- _Problem details_
All of the entries below should be printed exactly; the pictures are to be left out.

- _Input material_
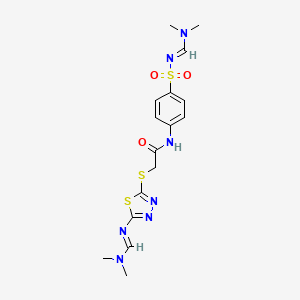 2-[(5-{[(E)-(dimethylamino)methylidene]amino}-1,3,4-thiadiazol-2-yl)sulfanyl]-N-(4-{[(E)-(dimethylamino)methylidene]sulfamoyl}phenyl)acetamide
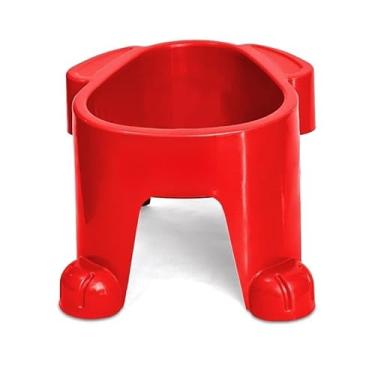 Imagem de Comedouro Plástico Elevado para Cães Postura Correta(Vermelho,1000ML - 2 Unid)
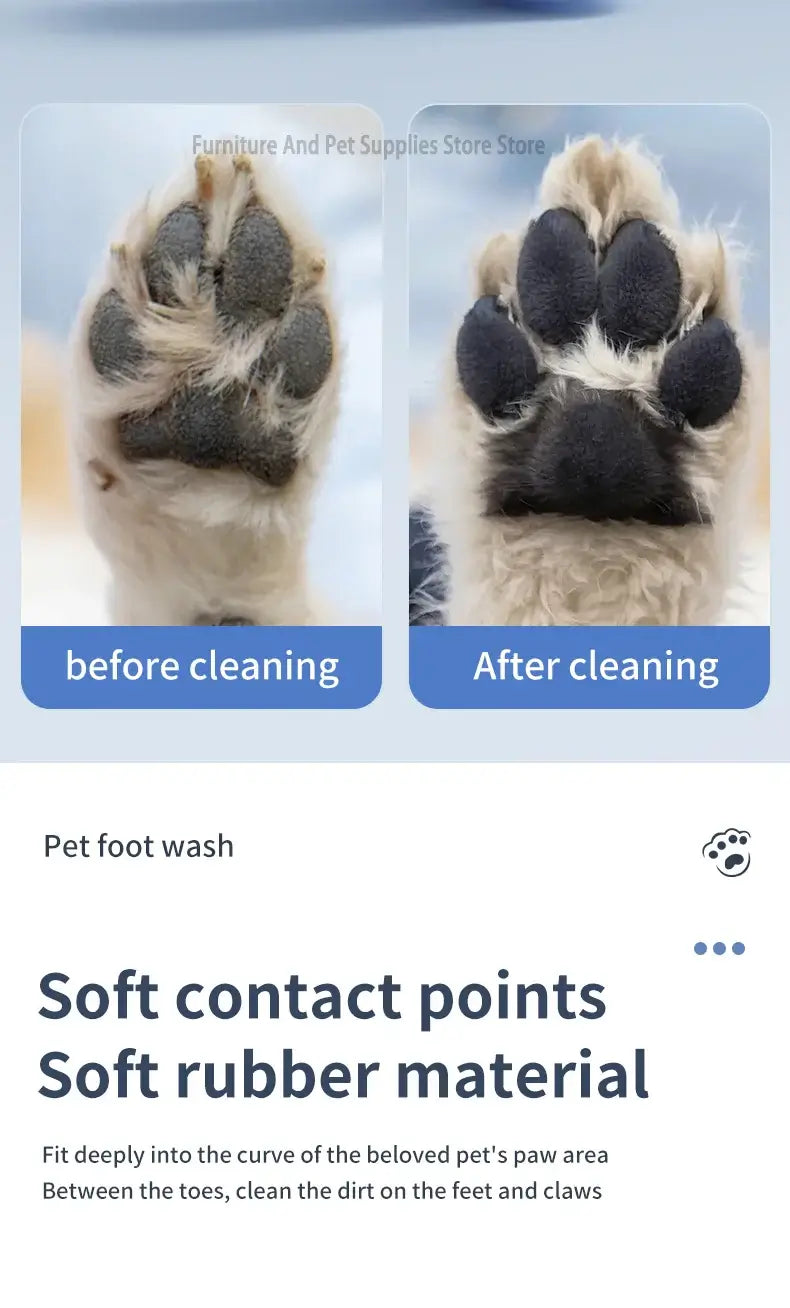 Side-by-side image of a pet's paw before cleaning and after using electric pet paw cleaner.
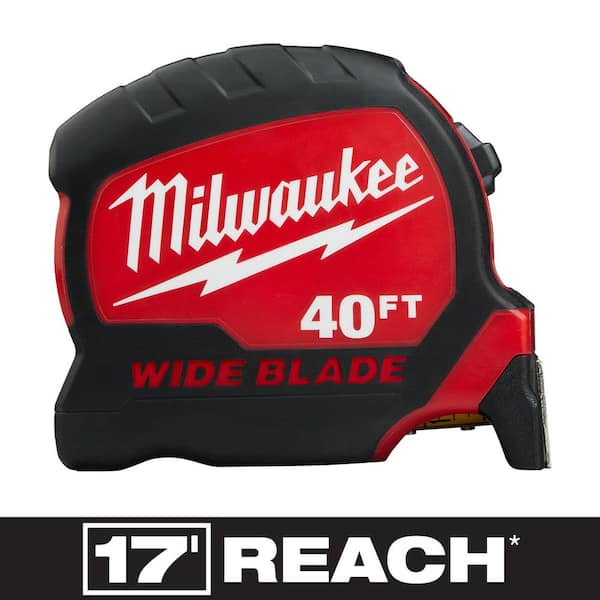 40 ft reach wide blade tape measure with 17 ft x 1.3 in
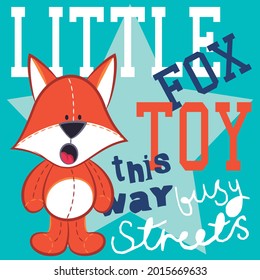 cute fox print text little toy fox and blue background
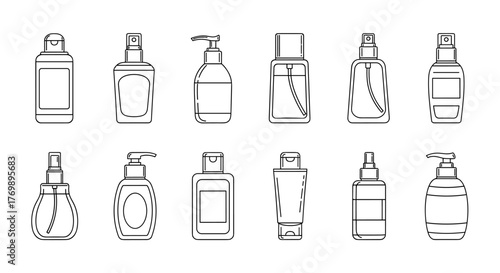 Collection of cosmetic bottles and containers in outline style, featuring pump dispensers, spray bottles, and flip-top caps, ideal for graphic design, web, apps, and advertising, presented as a clean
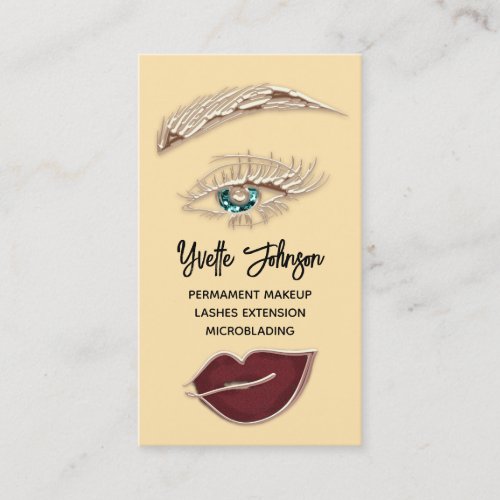  Eyelash Brow Makeup Logo QR Code Lip Rose Yellow Business Card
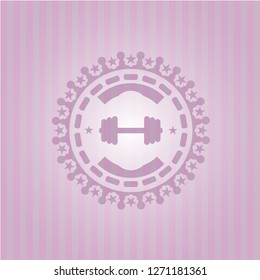 big dumbbell icon inside pink emblem. Vintage.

- _Your response_
 2-[(5-{[(E)-(dimethylamino)methylidene]amino}-1,3,4-thiadiazol-2-yl)sulfanyl]-N-(4-{[(E)-(dimethylamino)methylidene]sulfamoyl}phenyl)acetamide
 Imagem de Comedouro Plástico Elevado para Cães Postura Correta(Vermelho,1000ML - 2 Unid)
 Side-by-side image of a pet's paw before cleaning and after using electric pet paw cleaner.
 40 ft reach wide blade tape measure with 17 ft x 1.3 in
 cute fox print text little toy fox and blue background
 Collection of cosmetic bottles and containers in outline style, featuring pump dispensers, spray bottles, and flip-top caps, ideal for graphic design, web, apps, and advertising, presented as a clean
  Eyelash Brow Makeup Logo QR Code Lip Rose Yellow Business Card
 big dumbbell icon inside pink emblem. Vintage.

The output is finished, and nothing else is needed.